Animal Defenders International is leading the effort to stop this abuse of animals used in entertainment. The group enjoyed many recent victories, winning bans on the use of wild animals in circuses in Colombia, Peru and El Salvador, as well as a ban on the cosmetic testing on animals in Europe, something the group had been advocating for 30 years.
Now ADI is now pushing for help for elephants being used at small fairs for elephant rides and performances. Noted animal activist Bob Barker narrates ADI’s “No Fun for Elephants” video, which shows how the animals are incessantly prodded, poked and slapped as they are “trained” to perform.
The animal activists are focusing their efforts on two groups, Have Trunk Will Travel of Perris, CA and Trunks & Humps of Conroe, TX. These providers are featured in the video, which shows the animals being slapped and electric shocked during training and handling, according to ADI.
Both animal groups say that they treat their animals with respect and care, and HTWT portrays its business as providing safe harbor for an endangered species.
ADI is mailing DVDs of the video “No Fun for Elephants” to event organizers in the US to enlighten them about how the animals are treated and ask them to not book them for exhibitions. Already the group has had several successes with the LA County Fair and several others stopping the use of elephants at their events and signing policies pledging to not hire elephant acts or rides.
“We believe that once people see how these animals suffer behind the scenes, they will not endorse such cruelty,” said Jan Creamer, ADI President
“We realize an elephant walking around a small enclosure giving rides looks like a bit of harmless fun, but it takes a vicious training regime to get these wild animals to be so quiet and compliant in public. We know that event organizers will be shocked and will agree that these rides and appearances bring shame on their event.”

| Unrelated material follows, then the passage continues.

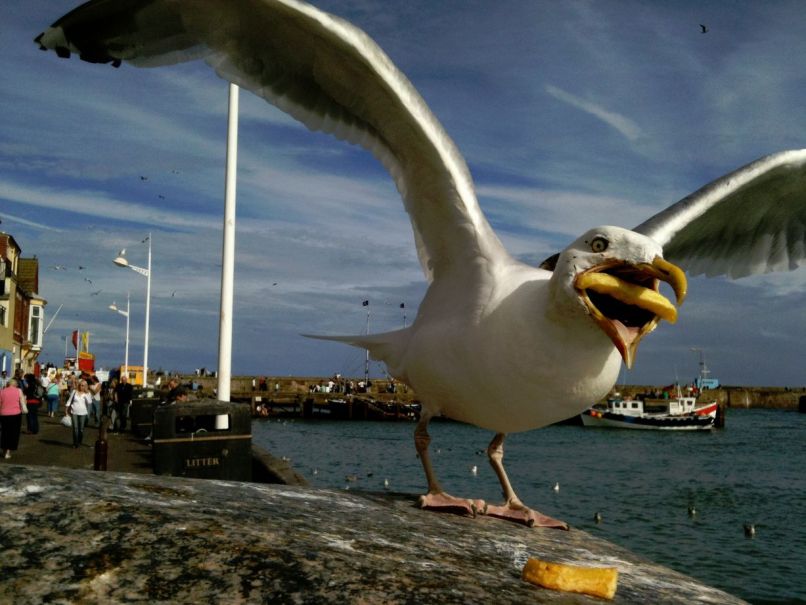 Galeb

ADI is not alone in its efforts to rescue elephants from the bull hooks and other tools of torment. PETA also has been campaigning against circuses on behalf of elephants.
ADI, with offices in London, Los Angeles and Bogota, campaigns for better treatment of animals used in entertainment — or in the case of the elephants and small fairs, the cessation of using animals in this capacity. The group provides technical advice to governments and others on this topic.
The group supports progressive animal protection legislation and helps drafting regulations. It rescues animals in distress and exposes behind-the-scenes suffering in industry, often securing photographic evidence of the mistreatment of animals.